▸ **Work instructions**:
Starting with the line that has "Bessie, a female" and finishing with the line that has "Spiaggia di sabbia", set down each line below exactly. Pictures are not copied.

▸ **Dataset content**:
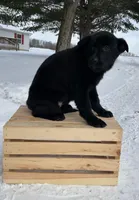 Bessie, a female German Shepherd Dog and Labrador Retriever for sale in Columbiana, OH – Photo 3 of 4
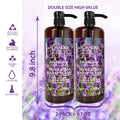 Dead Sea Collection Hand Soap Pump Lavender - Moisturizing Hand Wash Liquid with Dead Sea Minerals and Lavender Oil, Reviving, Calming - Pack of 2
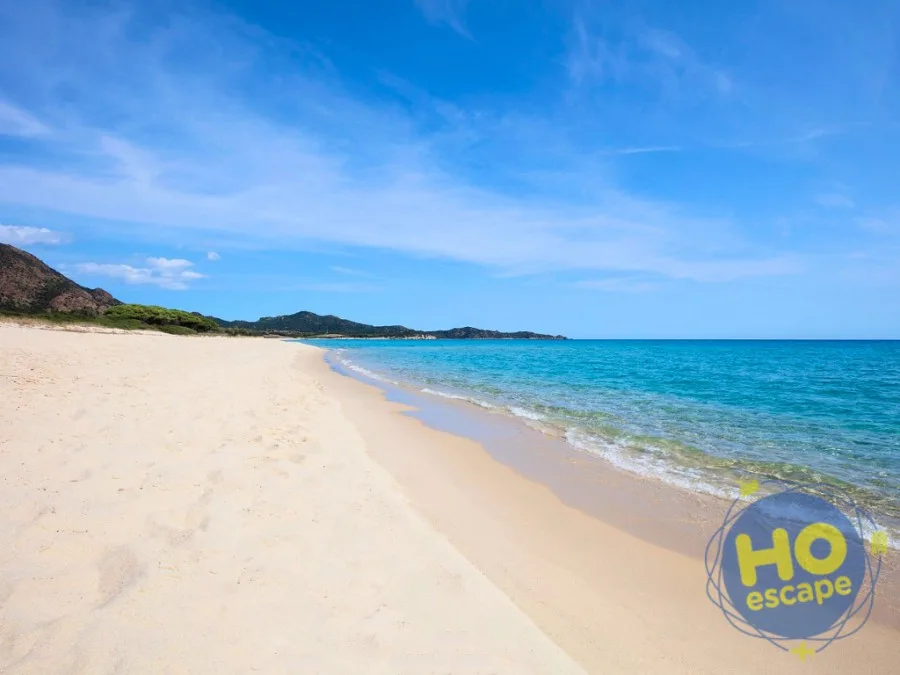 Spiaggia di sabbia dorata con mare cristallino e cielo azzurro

---

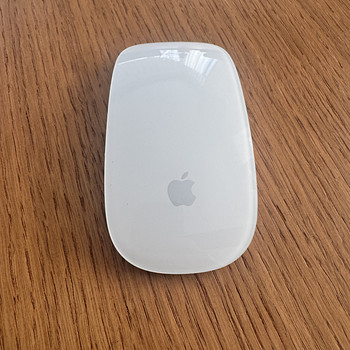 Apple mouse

▸ **The answer**:
 Bessie, a female German Shepherd Dog and Labrador Retriever for sale in Columbiana, OH – Photo 3 of 4
 Dead Sea Collection Hand Soap Pump Lavender - Moisturizing Hand Wash Liquid with Dead Sea Minerals and Lavender Oil, Reviving, Calming - Pack of 2
 Spiaggia di sabbia dorata con mare cristallino e cielo azzurro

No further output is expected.